++++ RECORDS FOR THIS EXERCISE ++++

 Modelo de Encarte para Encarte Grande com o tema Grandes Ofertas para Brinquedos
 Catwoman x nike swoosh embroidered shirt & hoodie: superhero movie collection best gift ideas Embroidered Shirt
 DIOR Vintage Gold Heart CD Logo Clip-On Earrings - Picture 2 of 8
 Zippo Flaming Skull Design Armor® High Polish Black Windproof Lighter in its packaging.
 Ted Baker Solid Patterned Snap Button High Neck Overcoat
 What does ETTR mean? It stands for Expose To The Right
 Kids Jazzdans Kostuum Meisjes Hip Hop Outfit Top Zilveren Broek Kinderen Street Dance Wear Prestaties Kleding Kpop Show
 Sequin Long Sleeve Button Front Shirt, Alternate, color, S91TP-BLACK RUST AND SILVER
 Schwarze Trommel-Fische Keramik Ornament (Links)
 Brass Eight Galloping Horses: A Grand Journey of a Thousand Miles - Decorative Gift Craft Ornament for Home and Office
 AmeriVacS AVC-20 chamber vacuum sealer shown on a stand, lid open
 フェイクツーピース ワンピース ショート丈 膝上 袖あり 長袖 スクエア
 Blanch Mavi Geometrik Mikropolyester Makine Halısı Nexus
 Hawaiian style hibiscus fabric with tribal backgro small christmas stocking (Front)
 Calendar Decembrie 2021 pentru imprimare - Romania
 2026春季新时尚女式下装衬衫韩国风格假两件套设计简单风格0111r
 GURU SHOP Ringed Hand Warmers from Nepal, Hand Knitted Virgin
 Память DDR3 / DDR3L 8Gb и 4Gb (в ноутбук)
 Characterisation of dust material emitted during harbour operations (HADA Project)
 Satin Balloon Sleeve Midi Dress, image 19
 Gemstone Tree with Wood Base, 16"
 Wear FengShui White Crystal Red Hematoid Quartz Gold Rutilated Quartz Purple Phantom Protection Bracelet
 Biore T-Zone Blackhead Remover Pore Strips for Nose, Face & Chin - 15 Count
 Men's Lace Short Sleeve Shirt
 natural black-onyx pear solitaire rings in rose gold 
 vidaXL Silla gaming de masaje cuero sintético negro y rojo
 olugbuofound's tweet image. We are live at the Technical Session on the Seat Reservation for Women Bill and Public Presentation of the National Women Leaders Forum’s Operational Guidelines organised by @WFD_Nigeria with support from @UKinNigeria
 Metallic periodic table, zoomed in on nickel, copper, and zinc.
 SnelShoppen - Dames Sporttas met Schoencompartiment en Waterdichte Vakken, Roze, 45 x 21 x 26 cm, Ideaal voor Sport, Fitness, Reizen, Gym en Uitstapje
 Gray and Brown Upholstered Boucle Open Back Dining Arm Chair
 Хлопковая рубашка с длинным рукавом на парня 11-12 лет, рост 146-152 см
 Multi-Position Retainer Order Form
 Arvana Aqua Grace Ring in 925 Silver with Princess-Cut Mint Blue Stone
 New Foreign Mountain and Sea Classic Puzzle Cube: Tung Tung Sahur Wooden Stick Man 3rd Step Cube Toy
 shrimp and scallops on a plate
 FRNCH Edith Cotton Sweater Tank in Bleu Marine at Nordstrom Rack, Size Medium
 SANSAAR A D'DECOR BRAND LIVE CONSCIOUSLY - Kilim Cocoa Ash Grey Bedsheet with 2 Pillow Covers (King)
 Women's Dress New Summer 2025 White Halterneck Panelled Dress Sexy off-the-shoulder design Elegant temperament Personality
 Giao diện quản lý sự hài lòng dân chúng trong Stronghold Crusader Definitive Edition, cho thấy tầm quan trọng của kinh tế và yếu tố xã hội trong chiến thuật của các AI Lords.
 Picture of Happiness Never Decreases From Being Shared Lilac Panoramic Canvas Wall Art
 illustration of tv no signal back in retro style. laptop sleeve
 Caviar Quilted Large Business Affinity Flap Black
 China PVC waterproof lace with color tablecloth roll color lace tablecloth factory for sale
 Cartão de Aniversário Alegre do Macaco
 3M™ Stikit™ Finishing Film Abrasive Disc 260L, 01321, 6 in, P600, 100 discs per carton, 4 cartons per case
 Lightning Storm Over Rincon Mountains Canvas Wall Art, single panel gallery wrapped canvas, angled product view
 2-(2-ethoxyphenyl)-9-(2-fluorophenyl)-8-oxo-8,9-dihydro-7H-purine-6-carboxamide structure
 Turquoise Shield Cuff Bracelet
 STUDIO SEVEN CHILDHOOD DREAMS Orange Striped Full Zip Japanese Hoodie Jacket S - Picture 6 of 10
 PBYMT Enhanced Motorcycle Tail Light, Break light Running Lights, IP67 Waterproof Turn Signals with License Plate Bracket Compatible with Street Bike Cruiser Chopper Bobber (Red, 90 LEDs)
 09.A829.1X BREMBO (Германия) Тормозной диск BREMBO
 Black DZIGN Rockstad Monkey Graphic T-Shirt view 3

++++

Find the line that contains "09.A829.1X BREMBO (Германия)" in the data above. Reproduce it and every later line exactly, through the last one.

 09.A829.1X BREMBO (Германия) Тормозной диск BREMBO
 Black DZIGN Rockstad Monkey Graphic T-Shirt view 3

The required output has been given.